Members of the faculty of the Eastern Music Festival gathered Monday night in the UNCG School of Music, Theatre, and Dance Recital Hall before a large audience. Works by Beethoven, David Diamond, and Mozart provided the coupling of the familiar with the obscure.
Ludwig van Beethoven (1770-1827) wrote the Cello Sonata in D, Op. 102, No. 2 in 1815. It is a work that bridges his middle period (the “heroic” style) with his late period (“reflection”). Cellist Julian Schwarz and pianist Marika Bournaki provided a solid reading of the three-movement work.
The opening Allegro con brio begins with a brilliant outburst from the piano, followed by a more lyric, intimate passage from the cello. Indeed, the entire movement explores the loud contrasting the soft, the extroverted and the intimate. Both musicians made the most of these juxtapositions.
The heart of the piece is found in the Adagio con molto sentiment d’affetto (“Slow with much sentiment of affection”), a soulful, intense heart-rending movement that comes from the melancholy Beethoven frequently experienced. Schwarz’s beautiful playing captured the powerful pathos.
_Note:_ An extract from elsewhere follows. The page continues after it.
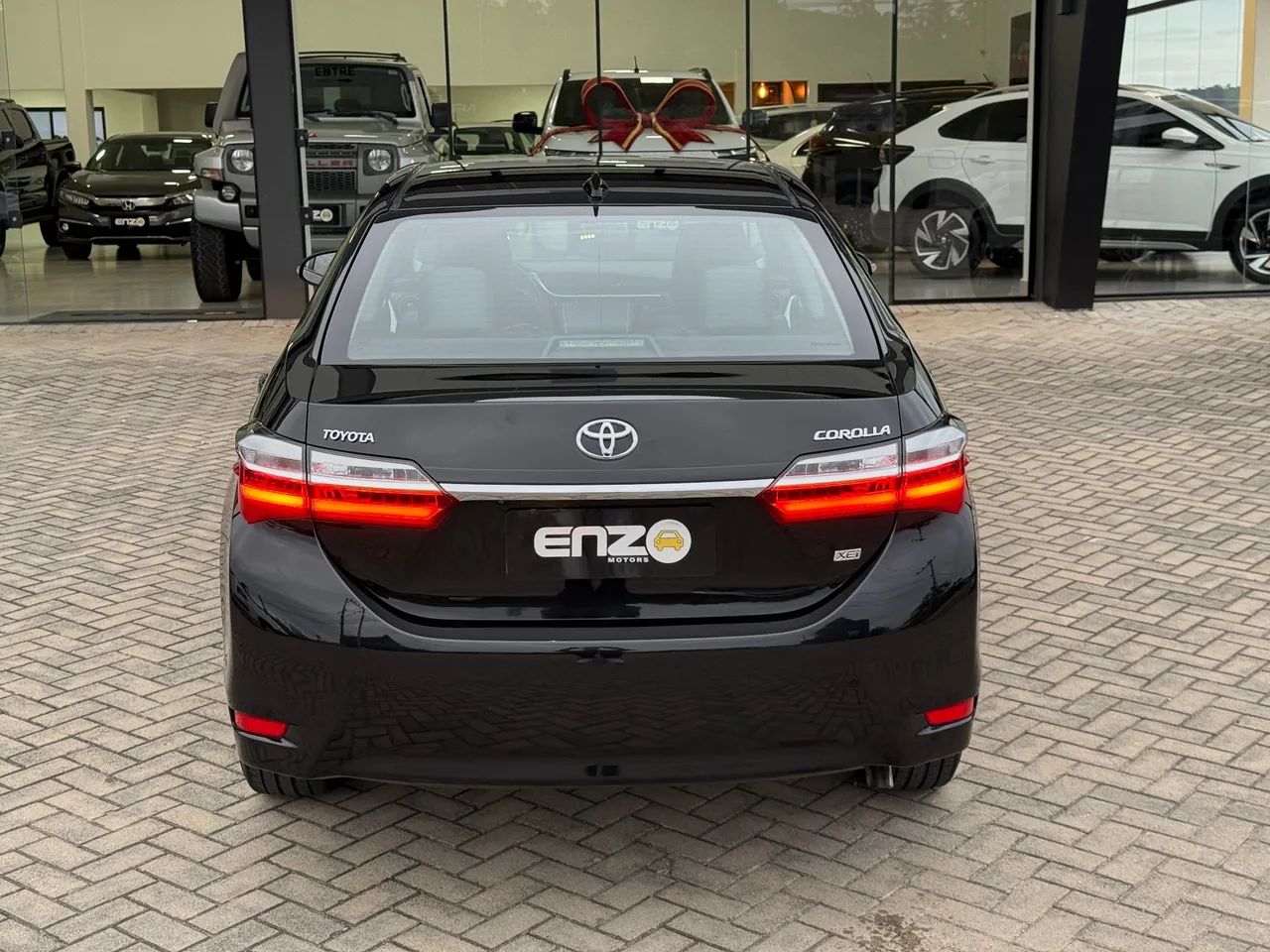 Toyota Corolla XEI 2.0 Flex 16V Aut. 2019 - Foto 5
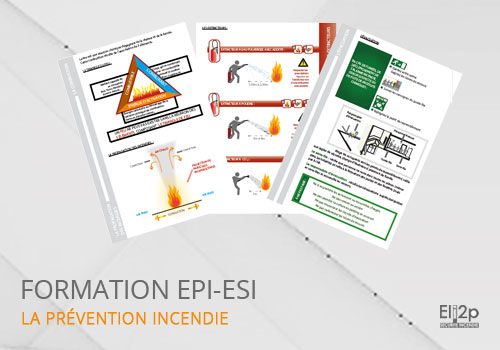 Formation prévention incendie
The finale Allegro, a dance-like fugue with tons of independent lines, hints at one of the stylistic traits of Beethoven’s late period. Here both Schwarz and Bournaki solidly presented their individual lines with clarity and good humor.
EMF is celebrating the centennial of American composer David Diamond (1915-2005) with performances of both orchestral and chamber works. His 17-minute Concerto for String Quartet (1936), written at the age of twenty-one, was performed this evening. Diamond understood the unusual title (a concerto usually features a solo instrument with an orchestra) saying ” . . . each movement is going to give one of the instruments of the quartet solo prominence accompanied by the three others…”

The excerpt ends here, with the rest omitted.